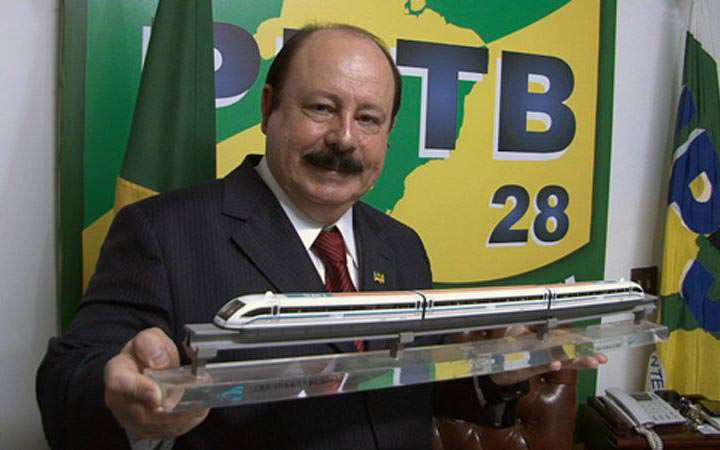 Transporte urbano futurista - nuevo Aerotrem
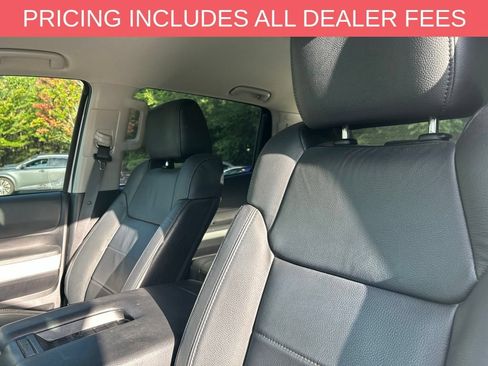 Used 2020 Toyota Tundra SR5 w/ SR5 Leather Package RWD image 15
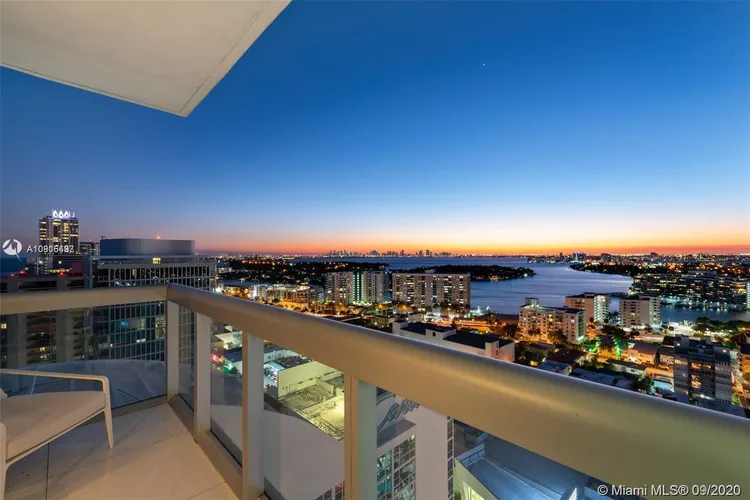 Carillon Condo North Tower #2308 image #50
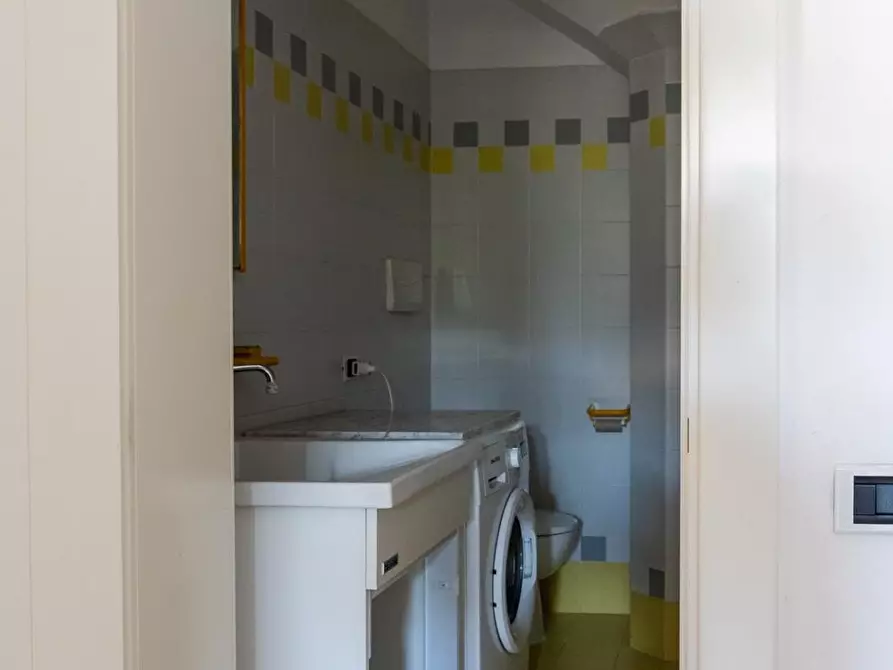 Immagine 50 di Mansarda in vendita  a Casciana Terme Lari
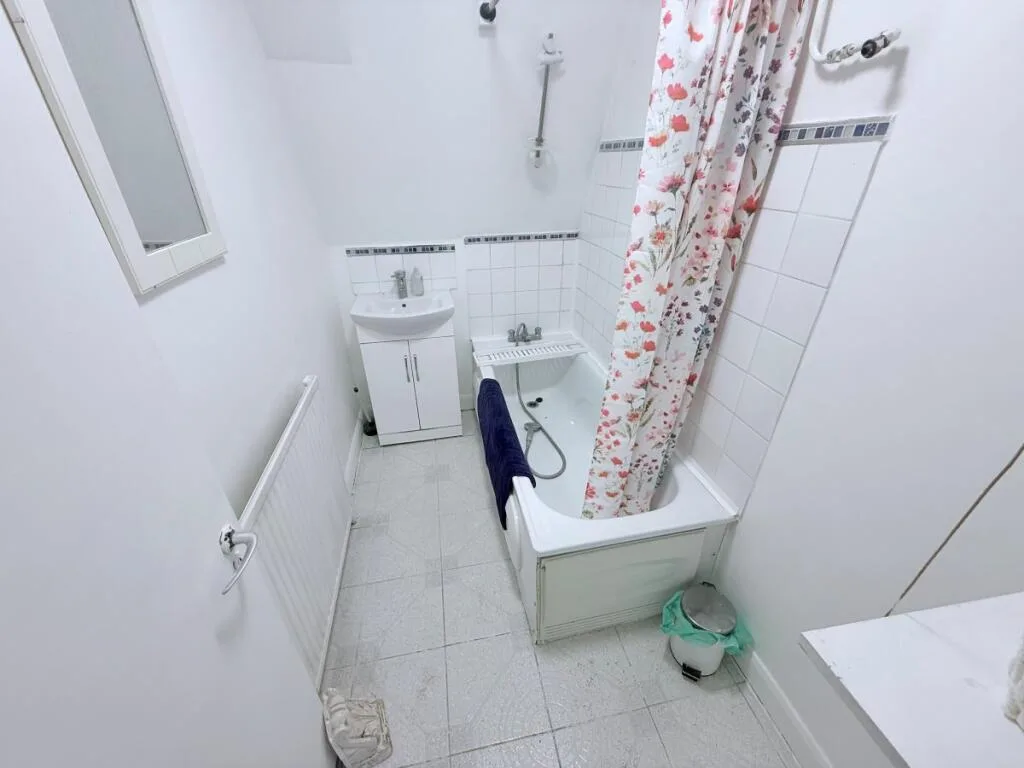 1 bedroom house share for rent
========
=== Problem to solve ===
Starting at the line with "Used 2020 Toyota", reproduce exactly each line through the end of the entries, including the first and the last, and skip the pictures.

=== Task answer ===
 Used 2020 Toyota Tundra SR5 w/ SR5 Leather Package RWD image 15
 Carillon Condo North Tower #2308 image #50
 Immagine 50 di Mansarda in vendita  a Casciana Terme Lari
 1 bedroom house share for rent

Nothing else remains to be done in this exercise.